Working with a parade of talented producers throughout their eight-year run, Kung Foo Grip has proven their ability to adapt to changing environments without losing their footing. The title of 2016’s Concrete Waves perfectly describes the Seattle rap duo’s consistent output of hard-bodied rhymes over a procession of diverse musical high points. For their latest full-length, 2KFG, they brought occasional collaborator Keyboard Kid deeper into the fold. Given the prolificacy and quality of material from both camps, the move is logical—and potentially electrifying.
The album arrives at a time when young heat-seekers have more or less moved on from purist trad-rap techniques, but Kung Foo Grip’s loose playing style allows them to slide into the mumble-trap era relatively unscathed. Straddling waves of micro-trends, MCs Greg Cypher and Eff Is H incorporate the best elements of old- and new-school flow, asserting dominance in ways that counter current touchstones—“I ain’t never had to drop no Xans/Tapes out the van, ho/I’m your pusher man,” Cypher spits on “Mic Check”—while embracing the emotional vulnerability of the current generation. “Even when we both agree, we don’t agree enough/I be feelin’ some type of way, then I change it up,” goes the hook on “Mood Swing.”
Keyboard Kid’s beats are bass-heavy and braced with digitized melodies, sample-light and subtly referential to classic West Coast minimalism and dissociative cloud rap, a sub-genre he helped pioneer with #based icon Lil B. The production on 2KFG shows that Keyboard can bring the hammer but also use a painter’s touch to add flair best appreciated in headphones. The core duo is no stranger to project-length collaborations with notable outside producers. Concrete Waves was a partnership with New York/Seattle producer SCLY (formerly Def Dee) and their 2012 EP, Indigo Children Tales From The Otha Side, was produced entirely by local beat tech Giorgio Momurda. Keyboard puts the biggest stamp on the group, most emphatically on songs like the liberating “I Quit,” and the three-song run of “Mood Swing,” “BMZ” and “World’s Cruel Enough,” the latter trifecta setting the bar for best local rap songs of the young year.
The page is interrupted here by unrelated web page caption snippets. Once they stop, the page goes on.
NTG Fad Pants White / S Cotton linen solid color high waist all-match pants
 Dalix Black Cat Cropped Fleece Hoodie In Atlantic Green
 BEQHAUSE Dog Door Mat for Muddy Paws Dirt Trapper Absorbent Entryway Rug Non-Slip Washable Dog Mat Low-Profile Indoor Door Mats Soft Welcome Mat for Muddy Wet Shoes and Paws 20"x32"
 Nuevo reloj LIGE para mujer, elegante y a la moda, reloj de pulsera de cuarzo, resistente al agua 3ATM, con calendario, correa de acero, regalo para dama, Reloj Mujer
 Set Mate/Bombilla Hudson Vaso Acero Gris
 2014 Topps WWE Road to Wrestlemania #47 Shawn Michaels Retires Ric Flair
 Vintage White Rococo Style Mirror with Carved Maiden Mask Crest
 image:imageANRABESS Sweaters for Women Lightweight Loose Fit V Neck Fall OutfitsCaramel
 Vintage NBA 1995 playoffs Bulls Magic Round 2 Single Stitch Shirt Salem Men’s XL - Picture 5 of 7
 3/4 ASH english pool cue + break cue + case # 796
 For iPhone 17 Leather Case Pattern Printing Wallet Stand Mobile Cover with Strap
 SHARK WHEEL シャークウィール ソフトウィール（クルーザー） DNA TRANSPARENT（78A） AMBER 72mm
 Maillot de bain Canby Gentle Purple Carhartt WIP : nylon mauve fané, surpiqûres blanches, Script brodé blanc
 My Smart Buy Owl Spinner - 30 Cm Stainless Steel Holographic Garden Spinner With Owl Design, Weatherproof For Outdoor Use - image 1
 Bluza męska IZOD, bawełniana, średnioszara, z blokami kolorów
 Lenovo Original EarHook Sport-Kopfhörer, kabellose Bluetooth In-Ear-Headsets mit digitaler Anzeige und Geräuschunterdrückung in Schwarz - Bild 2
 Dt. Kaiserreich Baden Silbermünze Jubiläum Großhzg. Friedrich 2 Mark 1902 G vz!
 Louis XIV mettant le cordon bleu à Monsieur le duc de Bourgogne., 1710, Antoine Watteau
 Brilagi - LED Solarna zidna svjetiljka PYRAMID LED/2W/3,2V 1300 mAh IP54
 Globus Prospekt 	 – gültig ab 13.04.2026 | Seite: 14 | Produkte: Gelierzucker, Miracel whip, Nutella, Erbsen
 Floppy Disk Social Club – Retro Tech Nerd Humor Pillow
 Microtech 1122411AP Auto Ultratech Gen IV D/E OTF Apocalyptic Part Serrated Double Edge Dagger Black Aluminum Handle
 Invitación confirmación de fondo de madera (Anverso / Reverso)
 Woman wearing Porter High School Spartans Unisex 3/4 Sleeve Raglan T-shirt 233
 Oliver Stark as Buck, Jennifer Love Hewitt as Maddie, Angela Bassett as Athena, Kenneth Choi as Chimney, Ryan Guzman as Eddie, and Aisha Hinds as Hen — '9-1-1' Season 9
2KFG hits snags when the risk level is low. The straightforward piano lick on “Headline” is hard to pull off in a post-“HUMBLE.” world. Lyrically, when the subject matter runs too worn, like the rap-grind detailing “Mic Check,” the resulting track just doesn’t stick to the ribs. But when they go weirder (“World’s Cruel Enough”) or harder (“Risin,” “BMZ”) than their peers, they stand out like they’re supposed to, because weirder and harder is what they do best.